Akibat  Blokir Jalan GORR, Istri Sekda Kabupaten Duga Papua Di Amankan Di Polres Gorontalo

Laporan Wartawan : Alwin Ibrahim

Editor : Mnunu Tangguda

 

 

 

GoSulut.ID - Limboto - Dua orang yang diduga melanggar hukum dan menjadi provokator dalam pemblokiran jalan GORR Kelurahan Bionga Kecamatan Limboto di amankan Kepolisian Resort Gorontalo.

Dua orang yang di amankan yakni Istri Sekretaris Daerah Kabupaten Duga Provinsi Papua, Ance Marjun Moomin (45) dan saudaranya Alex Yunus (41).

Kapolres Gorontalo, AKBP Dafcoriza, S.ik, M.sc menyampaikan, akar permasalahnya sengketa sertifikat tanah antara mereka pemilik tanah dengan Badan Pertanahan Nasional (BPN).Namun sebagai penegak hukum Polres Gorontalo, melihat ada satu dugaan tindak pidana yang dilakukan melakukan pemblokiran jalan.

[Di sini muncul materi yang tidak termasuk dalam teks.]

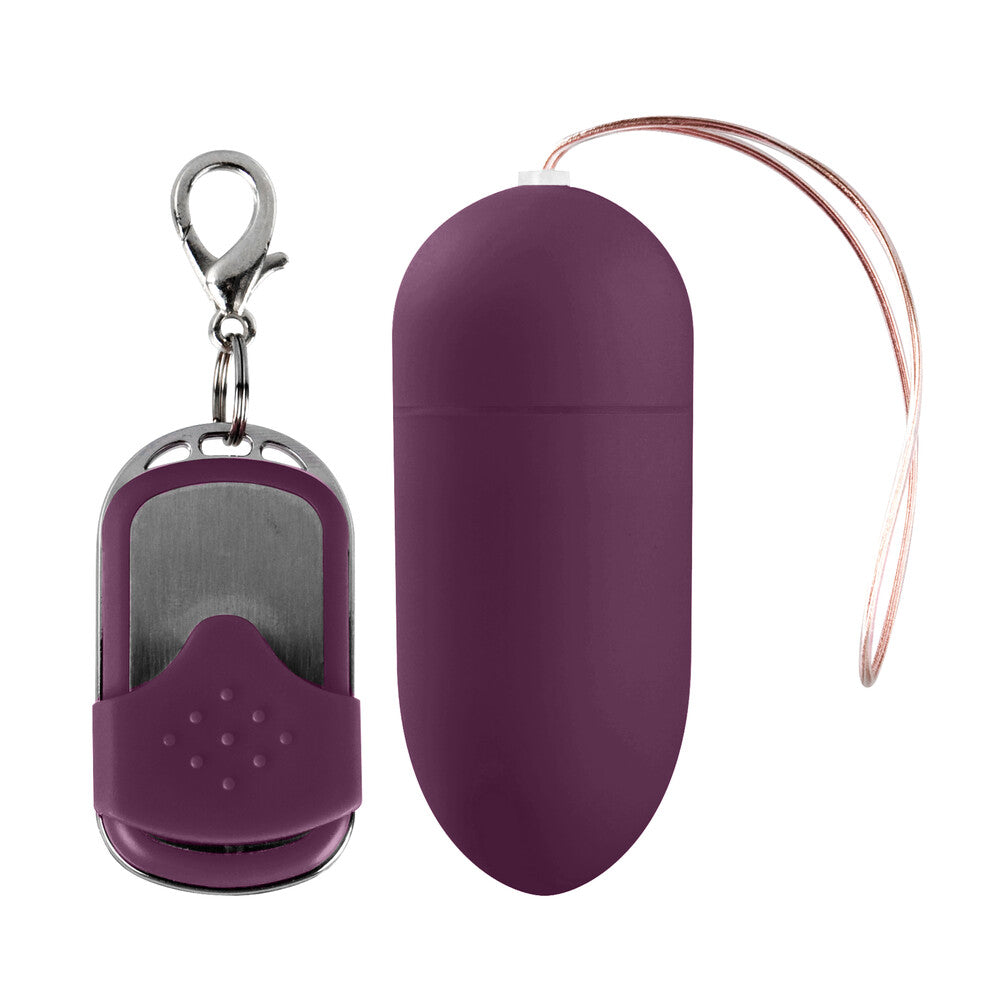 Huevo vibrador remoto de 10 velocidades BIG Purple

”Mereka mengambil tindakan yang menurut kami keliru. Dan telah melanggar pasal 192 KUHP, barang siapa dengan sengaja merintangi jalan fasilitas umum diancam dengan pidana penjara selama lamanya 9 tahun huruf 1 e, sedangkan hufuf 2 e, apabila perbuatan tersebut mengakibatkan kecelakaan lalu lintas dan mengakibatkan meninggalnya seseorang, maka ditambah dengan dua pertiga hukuman sehingga menjadi ancaman pidana 15 tahun penjara," kata Dafcoriza pada wartawan, rabu (29/5).

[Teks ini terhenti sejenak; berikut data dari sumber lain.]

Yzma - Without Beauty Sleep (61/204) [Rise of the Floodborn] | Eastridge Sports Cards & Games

Untuk sementara, kedua terduga provokator, sementara dalam pemeriksaan di kantor Unit IV PPA Polres Gorontalo.

”Bahkan ada perempuan yang termasuk diamankan dalam kejadian tersebut. Istri dari pejabat Sekretaris Daerah Kabupaten Duga Provinsi Papua, bernama Ance Marjun Moomin,” ucap AKBP Dafcoriza, S.ik, M.sc.

Ditemui di tempat berbeda, Ance Marjun Moomin, didampingi keluarganya mengaku keberatan dengan tindakan yang telah diambil oleh pihak Polres Gorontalo.

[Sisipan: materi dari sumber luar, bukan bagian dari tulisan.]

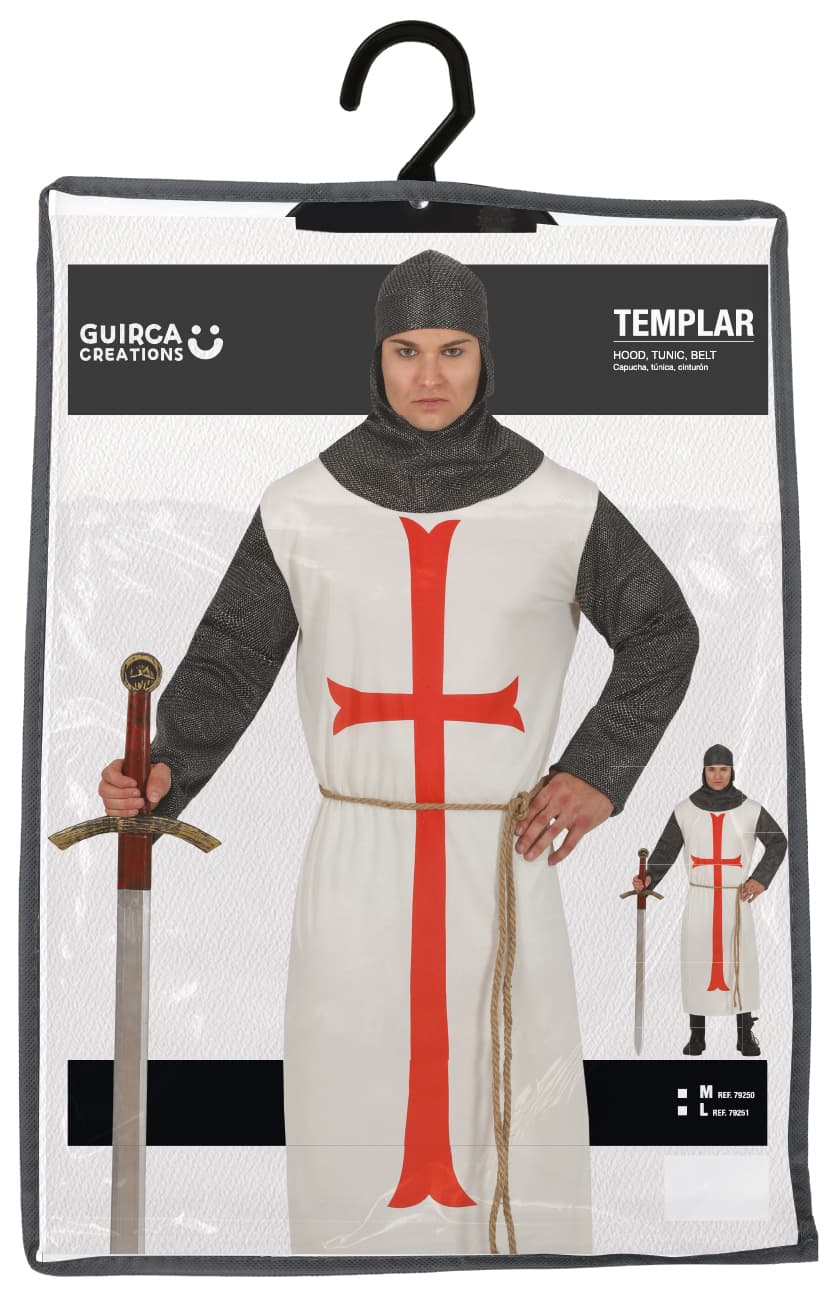 Tempelridder – kostume til herrer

”Disini kan bukan kasus pidana to, tidak ada pemukulan, lalu mengapa kami diperlakukan seperti ini? Jelas kami keberatan dan akan menuntut balik polres Gorontalo," tegas Ance Marjun Moomin.

Dirinya membantah atas dugaan provokasi yang dilekatkan pada dirinya bersama saudaranya. Menurut-nya apa yang dilakukan semata mata hanya untuk memperjuangan hak bukan untuk meprovokasi.

”Provokasi apa? Kami memblokir jalan untuk memperjuangkan hak yang seharusnya kami terima," tegas Ance Marjun Moomin.